Many other nasty little techniques have been exploited by commercial webmasters and eventually countered by search engines. However, these drastic countermeasures employed by search engines collaterally penalise Web pages that use the same coding techniques for perfectly genuine purposes.
This is why it is now so difficult to find specific non-commercial information on the Worldwide Web. So, what is the solution?
Probably the majority of pages on the Web do not include Keyword Meta-Tags. Search engines must always therefore default to extracting keywords from text for such pages. In fact the major search engines need to - and probably will continue to - confine themselves to this method Cruden used for the Bible way back in 1737. I think the only way to enable people to find specific non-commercial information on the Worldwide Web is for custodians of specific information to semantically index their web pages and provide their own search engines which use manually-built semantic indexes instead of indexes abstracted from the content text. I have included a semantically indexed search engine applet on this web site.
In the case of my search, I want to find specific clauses within specific laws that provide the answer to my question. The government web site www.planalto.gov.br hosts the laws of Brazil. Looking in the source code of some of these pages I found no Keyword Metatags. Consequently, search engines can only build indexes of these laws by abstracting significantly large words within their texts. This explains why I have not been able to find what I am looking for.

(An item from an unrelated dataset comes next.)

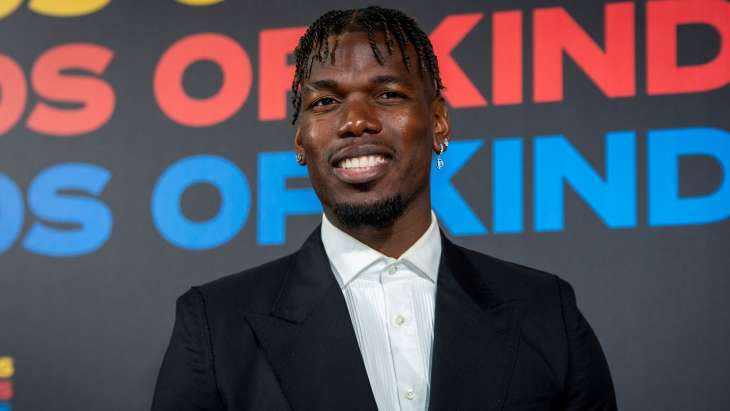 Paul Pogba tout sourire lors de sa venue à Milan en mai dernier.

In my opinion, under present technology, it is fundamentally impossible for any automated device to make semantic judgements or associations. Consequently, to make the law really accessible, www.planalto.gov.br/ would have to form a team of legal professionals, schooled in the art of semantic indexing, to semantically index each web page containing a law. This is no small task. However, I think that the cost-benefit to the country in providing fast accurate targeting of applicable law would be tremendous in terms of time saved by lawyers and judicial functionaries throughout the whole country in preparing cases and formulating agreements. I suggest that this would be a very worthwhile project to help speed the economic development of Brazil.

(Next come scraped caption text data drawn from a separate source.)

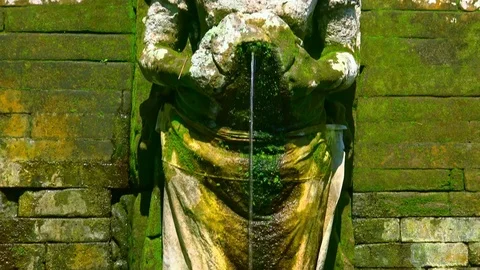 Hindu Goddesses statues making religious offerings. Goa Gajah, Bali. Indonesia Video stock 73080963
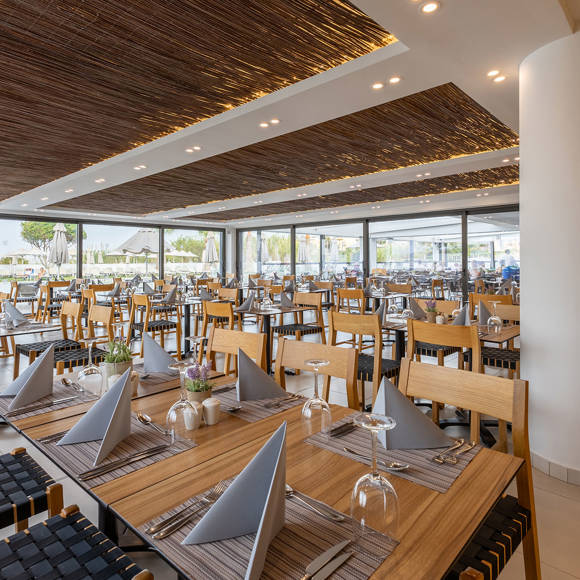 Modern restaurant with wooden chairs and tables, decorative ceiling panels and large windows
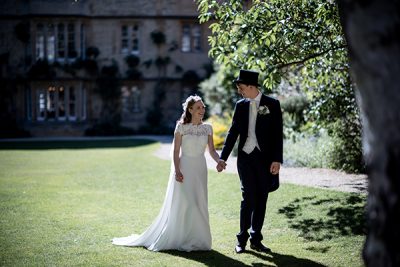 Wedding couple walking through the Fellow's Garden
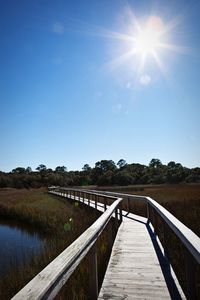 Empty boardwalk by field against sky on sunny day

In the case of my own website, I have long since given up trying to engineer some means by which such search engines as Google could be persuaded to index it. Instead, I have created PDF versions of many of my major pages. I have renamed each page with a filename comprising very well-chosen keywords joined by underscore characters. I have placed all these PDF files in a directory called "uploads". I have then pointed my FTP, aMule and gtk-gnutella servers and my Kademlia searcher to this directory as a permanent source of uploadable files. I have also placed them as both PDF files and “freesites” within FreeNet.
This way, my major web pages get indexed in the distributed hash tables of various non-web networks. The secret, however, is that in each PDF file are links that refer back to the relevant pages on my website. A person who chooses to download such a file can thereby find, and gain access to, the proper web-version of the page. I have also incorporated these key web pages into Webrings. Between them, these alternative methods have once again made my website visible to the world.